ABC News Radio (bless their little cotton taxpayer-funded socks) re-broadcast the entire first briefing conducted by the new White House Press Secretary, Sean Spicer. It was a gob-smacker.

Rather than announce anything or take questions, Spicer — Trump’s direct representative to the media — delivered a hectoring, thin-skinned, petty and inflammatory attack on the media and the work of some individual journalists.

This was an astonishingly stupid way to begin what already looks like becoming a four-year war between the US press and the White House. The media might have to endure losing the odd battle along the way, but as every veteran politician knows, they never lose the war.

Team Trump aren’t dumb, but they are certainly aggressive — and arrogant. They seem drunk with the instant authority and power that’s been so recently bestowed upon them. And like all cheap drunks they say things they will soon regret.

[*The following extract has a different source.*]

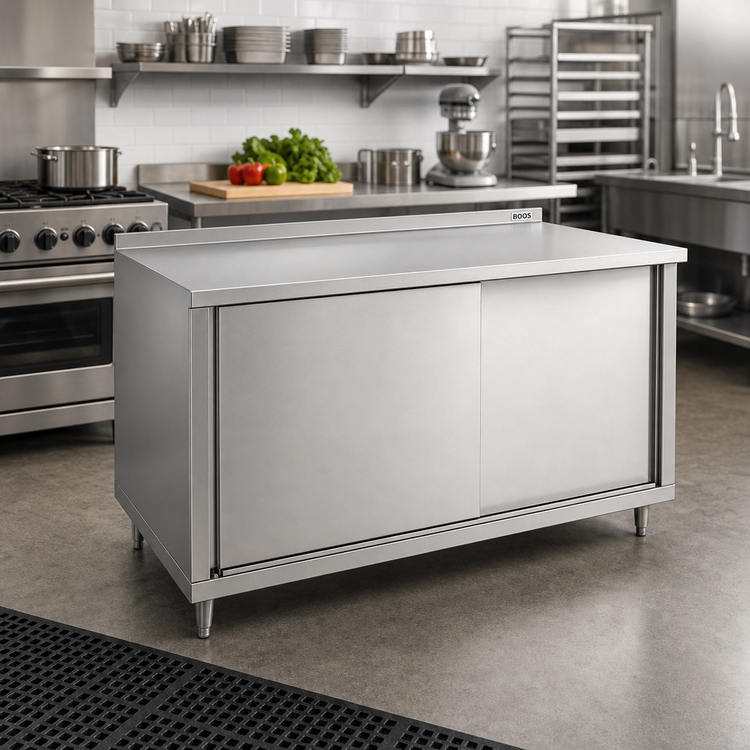 Product image #2 for John Boos Stainless Steel Enclosed Work Table with Cabinet Base and Sliding Doors, 48"W x 36"D, 1-1/2" Rear Riser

Spicer’s outburst was a deliberate departure from the traditional and expected functions of the White House press secretary. Their job is to brief the correspondents on the daily appointment schedule of POTUS and to provide a sourced outline of the President’s quotable positions on the issues of the day — everything from nuclear weapons to the Thanksgiving turkey.

But what Spicer delivered, instead, was a bilious broadside aimed at the credibility of the journalists in front of him in that small, stuffy room. It was unvarnished provocation.

For their part it is important here to understand the fundamental difference between the role and duties of the White House press gang and our own gallery correspondents in Canberra. Our gallery slaves report — or are expected to report — on the whole process of federal government, of which the deeds and words of the Prime Minister form just one part.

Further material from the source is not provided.